The transition from pediatric to adulthood is still full of obstacles for those suffering from a rheumatological disease. Also on the health front. People lack information. As always, you have to worry about everything, even this transition, by itself…. There should be more timeliness in communicating to the family about when to prepare the documentation for the transition request: this is what some of the parents interviewed in the research carried out by Apmarr (National Association of People with Rheumatological and Rare Diseases) through narrative medicine interviews and by the We – Research survey institute in collaboration with Reumaped (Italian Society of Pediatric Rheumatology), on the occasion of World Rheumatological Diseases Day which is celebrated on 12 October .

Uncomfortable situation

The aim of the investigation is to confirm what we as an association have always known and seen in people with rheumatological diseases – explains Antonella Celano, president of Apmarr -, that is, the discomfort of the complex transition from pediatric to adult doctors, which represents a challenge for young patients and their families.

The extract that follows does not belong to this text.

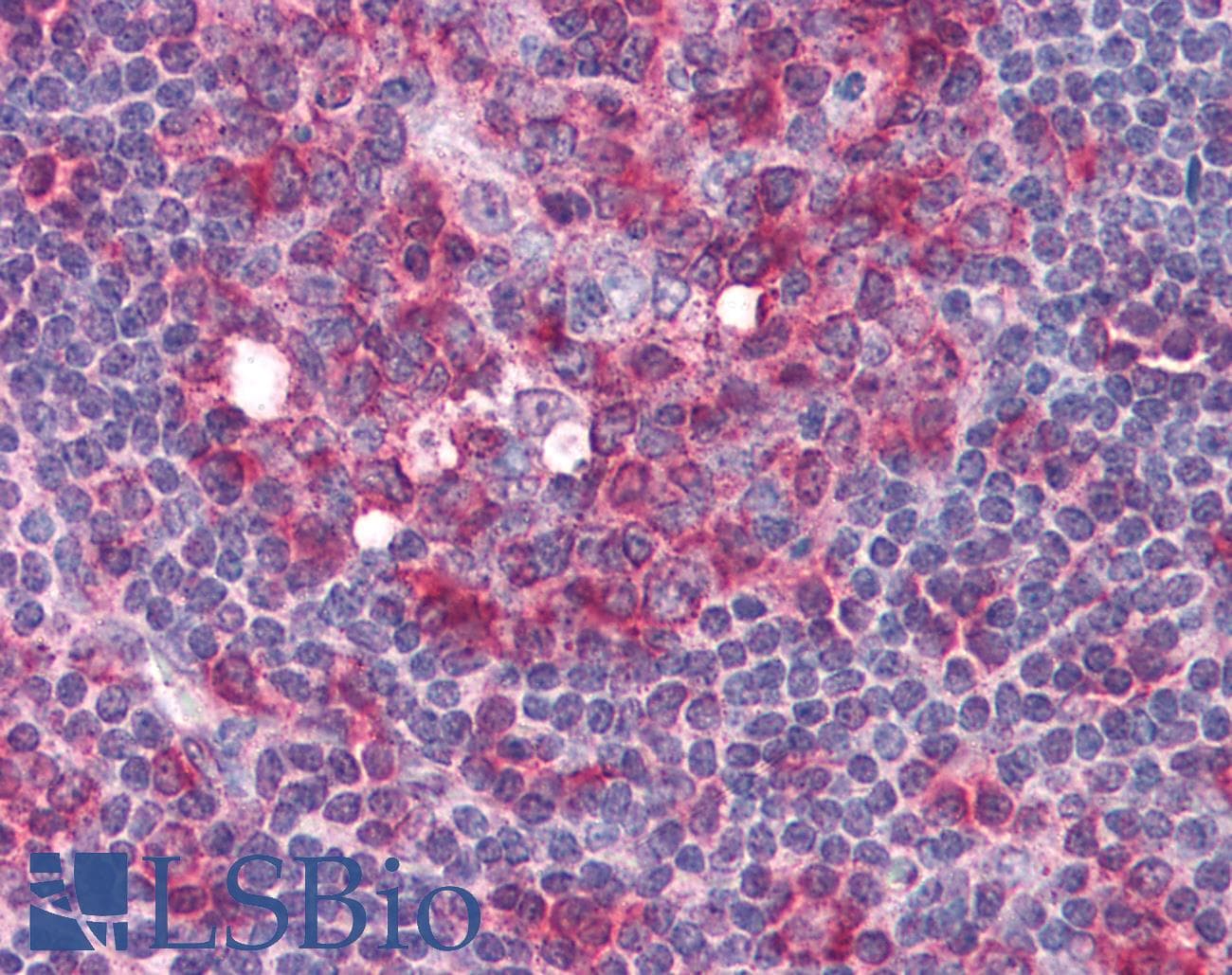 IHC-plus™ Monoclonal Mouse anti-Human TUBA1 / Tubulin Alpha 1 Antibody (N-Terminus, IHC, IF, WB)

This data will be fundamental to start a working table with the main players in the field of rheumatology, with the aim of including the transition in the LEAs (Essential Levels of Care).

The survey involved 694 people, women and men between 16 and 75 years old, caregivers of young people between 14 and 20 years old with both rheumatological and non-rheumatological pathologies. Well, if, in general, more than half of the sample (55.3%) reported having had a positive experience in the handover between carers, 11.3% still reported a problematic and difficult path.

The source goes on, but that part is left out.